AXD Brief 044

Verifiable Intent

Mastercard's Architectural Bet on Trust-Governed Agentic Commerce

3 min read·From Observatory Issue 044·Full essay: 32 min

The Argument

Verifiable Intent is a layered SD-JWT (Selective Disclosure JSON Web Token) credential format that creates a cryptographically verifiable chain binding an AI agent's commercial actions to an end-user's explicitly stated purchase intent. Mastercard's specification is the most architecturally significant contribution to agentic commerce because it moves the industry beyond the mechanics of agent payments to the governance of agent authority. By creating a protocol-agnostic, open-source trust layer, Verifiable Intent establishes the infrastructure for proving that an agent's actions were not just technically possible but explicitly authorised.

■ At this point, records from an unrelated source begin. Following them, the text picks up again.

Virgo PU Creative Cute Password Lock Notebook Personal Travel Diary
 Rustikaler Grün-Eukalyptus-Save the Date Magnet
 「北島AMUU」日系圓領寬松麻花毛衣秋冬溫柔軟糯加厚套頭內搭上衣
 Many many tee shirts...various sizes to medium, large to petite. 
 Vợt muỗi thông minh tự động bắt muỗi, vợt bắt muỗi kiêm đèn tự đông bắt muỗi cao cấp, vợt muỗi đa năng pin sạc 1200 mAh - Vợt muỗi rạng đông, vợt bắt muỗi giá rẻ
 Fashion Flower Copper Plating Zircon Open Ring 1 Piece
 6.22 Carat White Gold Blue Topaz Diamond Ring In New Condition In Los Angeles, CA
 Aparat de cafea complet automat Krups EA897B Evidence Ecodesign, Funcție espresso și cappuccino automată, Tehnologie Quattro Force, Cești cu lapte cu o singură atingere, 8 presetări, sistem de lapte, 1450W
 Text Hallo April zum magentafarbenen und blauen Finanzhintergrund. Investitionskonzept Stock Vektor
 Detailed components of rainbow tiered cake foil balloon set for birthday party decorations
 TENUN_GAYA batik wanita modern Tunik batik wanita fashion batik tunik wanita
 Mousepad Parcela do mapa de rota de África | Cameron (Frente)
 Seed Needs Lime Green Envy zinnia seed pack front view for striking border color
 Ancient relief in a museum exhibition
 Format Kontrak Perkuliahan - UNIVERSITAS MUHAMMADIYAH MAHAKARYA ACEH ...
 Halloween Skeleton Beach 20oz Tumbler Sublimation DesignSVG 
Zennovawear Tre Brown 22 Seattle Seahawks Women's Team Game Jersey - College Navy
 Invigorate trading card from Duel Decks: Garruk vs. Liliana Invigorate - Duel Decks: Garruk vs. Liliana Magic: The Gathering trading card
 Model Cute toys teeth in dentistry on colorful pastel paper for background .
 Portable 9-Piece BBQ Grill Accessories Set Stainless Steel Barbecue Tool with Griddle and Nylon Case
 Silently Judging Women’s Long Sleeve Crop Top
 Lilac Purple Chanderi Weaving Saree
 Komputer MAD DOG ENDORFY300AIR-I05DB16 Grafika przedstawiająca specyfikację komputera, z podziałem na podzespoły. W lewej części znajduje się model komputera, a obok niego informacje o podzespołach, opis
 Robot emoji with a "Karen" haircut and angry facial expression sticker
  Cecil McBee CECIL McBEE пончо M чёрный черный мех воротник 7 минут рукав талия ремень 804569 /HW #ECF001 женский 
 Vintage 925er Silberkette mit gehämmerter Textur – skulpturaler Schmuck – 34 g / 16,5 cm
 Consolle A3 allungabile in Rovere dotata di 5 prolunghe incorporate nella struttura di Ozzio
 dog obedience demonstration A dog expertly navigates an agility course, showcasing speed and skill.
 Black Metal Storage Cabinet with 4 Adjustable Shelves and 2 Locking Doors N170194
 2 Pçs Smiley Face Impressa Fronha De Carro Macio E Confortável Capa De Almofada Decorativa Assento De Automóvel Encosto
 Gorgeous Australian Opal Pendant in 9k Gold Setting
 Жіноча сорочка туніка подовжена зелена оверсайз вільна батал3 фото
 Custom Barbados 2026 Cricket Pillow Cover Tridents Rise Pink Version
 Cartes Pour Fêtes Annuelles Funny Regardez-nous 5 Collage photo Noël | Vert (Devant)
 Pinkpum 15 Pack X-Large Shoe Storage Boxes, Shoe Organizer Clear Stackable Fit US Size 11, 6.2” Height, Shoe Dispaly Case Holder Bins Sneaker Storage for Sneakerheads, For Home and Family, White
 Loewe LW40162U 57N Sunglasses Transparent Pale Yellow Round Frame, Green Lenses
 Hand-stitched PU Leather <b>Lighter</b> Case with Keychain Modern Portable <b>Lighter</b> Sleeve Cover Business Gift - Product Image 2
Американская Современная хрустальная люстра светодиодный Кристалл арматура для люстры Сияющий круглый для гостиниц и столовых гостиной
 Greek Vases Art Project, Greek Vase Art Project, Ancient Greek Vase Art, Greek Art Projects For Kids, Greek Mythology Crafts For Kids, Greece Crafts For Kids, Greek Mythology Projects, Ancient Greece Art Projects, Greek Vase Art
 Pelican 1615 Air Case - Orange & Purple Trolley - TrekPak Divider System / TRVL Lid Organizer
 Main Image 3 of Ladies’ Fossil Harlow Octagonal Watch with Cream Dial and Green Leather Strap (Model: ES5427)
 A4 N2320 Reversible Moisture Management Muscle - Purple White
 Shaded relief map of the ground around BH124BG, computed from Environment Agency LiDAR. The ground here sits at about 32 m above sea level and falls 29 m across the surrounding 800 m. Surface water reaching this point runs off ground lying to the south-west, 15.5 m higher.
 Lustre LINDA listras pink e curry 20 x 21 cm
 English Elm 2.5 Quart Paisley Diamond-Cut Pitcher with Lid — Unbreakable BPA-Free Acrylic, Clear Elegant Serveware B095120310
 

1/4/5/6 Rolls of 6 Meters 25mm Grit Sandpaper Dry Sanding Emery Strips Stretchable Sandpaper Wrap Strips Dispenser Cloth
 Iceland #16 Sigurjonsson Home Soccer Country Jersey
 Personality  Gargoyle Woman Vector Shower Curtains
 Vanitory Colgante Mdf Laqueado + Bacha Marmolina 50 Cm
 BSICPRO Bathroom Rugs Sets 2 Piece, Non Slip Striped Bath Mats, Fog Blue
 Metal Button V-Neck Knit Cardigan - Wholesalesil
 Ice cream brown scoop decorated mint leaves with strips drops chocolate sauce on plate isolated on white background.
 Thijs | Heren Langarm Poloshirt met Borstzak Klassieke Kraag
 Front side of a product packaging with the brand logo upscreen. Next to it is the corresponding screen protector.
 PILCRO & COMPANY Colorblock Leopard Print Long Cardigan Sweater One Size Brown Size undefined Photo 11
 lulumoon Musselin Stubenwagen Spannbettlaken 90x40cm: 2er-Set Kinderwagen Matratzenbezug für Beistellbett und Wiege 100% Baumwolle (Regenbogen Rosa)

This shift from implied to provable trust is the foundational requirement for resolving disputes and managing risk in a world where autonomous agents transact on behalf of humans.

The Evidence

The Verifiable Intent specification provides a robust framework for delegation design through its three-layer delegation chain. This architecture creates a tamper-evident audit trail by linking the Principal (the human user), the Agent (the AI), and the Counterparty (the merchant) through a series of cryptographically signed credentials. The Principal issues a Layer 1 (L1) credential delegating authority to the Agent, who then generates a Layer 2 (L2) credential for a specific transaction, disclosing only necessary information. The Counterparty can cryptographically verify the entire chain back to the original human intent, ensuring the agent is acting within its mandate while preserving privacy.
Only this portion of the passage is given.